Based on the book and observations of Bruce Lee’s younger brother Robert, Young Bruce Lee acts as a near prequel to the 90’s biopic Dragon: The Bruce Lee Story, its entire running time focusing on the period of life that the latter film skips over in its opening fifteen minutes. However, where Dragon played very, very loose with anything approaching actual fact, we can assume, judging from the source material, that Young Bruce Lee is somewhat closer to the true events, though, the details in any biopic should always be taken with a grain of salt, as a rule of thumb.
Viewed with this in mind, the film is quite informative to even the hardened Bruce Lee fan as much of the feature revolves around Lee’s relationships with his friends and family, rather than his path to becoming a martial arts god.
Viewed as a piece of entertainment in its own right it doesn’t stand up quite so well. Though it is exquisite looking throughout, the story varies from risible melodrama at its best to sub soap-opera-ish at its worst. It IS a biopic, and though there is a burst of action within the final fifteen minutes, should in no way be taken as an action film, those who watch it under this pretence will no doubt be sorely disappointed.
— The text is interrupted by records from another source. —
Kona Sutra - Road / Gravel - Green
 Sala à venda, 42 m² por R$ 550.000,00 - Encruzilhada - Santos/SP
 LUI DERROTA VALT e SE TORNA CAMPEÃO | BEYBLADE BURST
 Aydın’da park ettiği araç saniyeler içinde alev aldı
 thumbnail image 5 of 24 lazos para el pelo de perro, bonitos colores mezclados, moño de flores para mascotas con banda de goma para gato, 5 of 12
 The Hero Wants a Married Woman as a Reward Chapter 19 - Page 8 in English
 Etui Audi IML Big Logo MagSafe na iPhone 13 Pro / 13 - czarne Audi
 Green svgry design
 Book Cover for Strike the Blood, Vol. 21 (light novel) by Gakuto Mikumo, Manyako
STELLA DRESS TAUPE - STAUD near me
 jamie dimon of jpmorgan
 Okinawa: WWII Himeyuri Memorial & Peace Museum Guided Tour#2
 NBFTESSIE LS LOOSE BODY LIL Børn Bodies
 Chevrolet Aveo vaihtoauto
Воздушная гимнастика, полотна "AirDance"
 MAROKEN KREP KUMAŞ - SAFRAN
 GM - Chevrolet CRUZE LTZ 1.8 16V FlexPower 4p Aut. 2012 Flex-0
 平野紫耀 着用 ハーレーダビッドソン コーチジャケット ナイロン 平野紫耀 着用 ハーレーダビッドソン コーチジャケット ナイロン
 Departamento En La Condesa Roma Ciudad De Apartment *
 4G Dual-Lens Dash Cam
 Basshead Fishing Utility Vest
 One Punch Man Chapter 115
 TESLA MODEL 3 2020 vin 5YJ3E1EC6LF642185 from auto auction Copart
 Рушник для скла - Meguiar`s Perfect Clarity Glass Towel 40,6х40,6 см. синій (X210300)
The pace is a little choppy, as is generally the case with biopics that explore a wide expanse of time, and the end result is quite episodic, with the different scenes connecting via a tenuous voice over. There are also a few scenes that, to those of us outside of Hong Kong, may seem entirely pointless. Scenes that incorporate popular peoples and events that logically must anchor the production to a set period in time for those who understand the references.
Little more can be said, it has points of interest and looks great, but as a whole is relatively lightweight.
D grade – for originality
C grade – for storytelling
B+ grade – for visuals
C grade – for acting
Overall grade – C
Young Bruce Lee is released on region 2, 2 disc DVD and Blu-ray on May 30, 2011 courtesy of Cine Asia.
As is getting to be a habit with Cine Asia, an excellent world exclusive documentary, Memories Of The Master, has been produced for the release that includes interviews with Lee’s friends, family and business acquaintances, film historians and professionals as well as presentations of rare and unseen photos from Lee’s past.
Also available are the usual, but equally excellent, commentary by Hong Kong film expert Bey Logan, ‘making of’ featurettes and deleted scenes.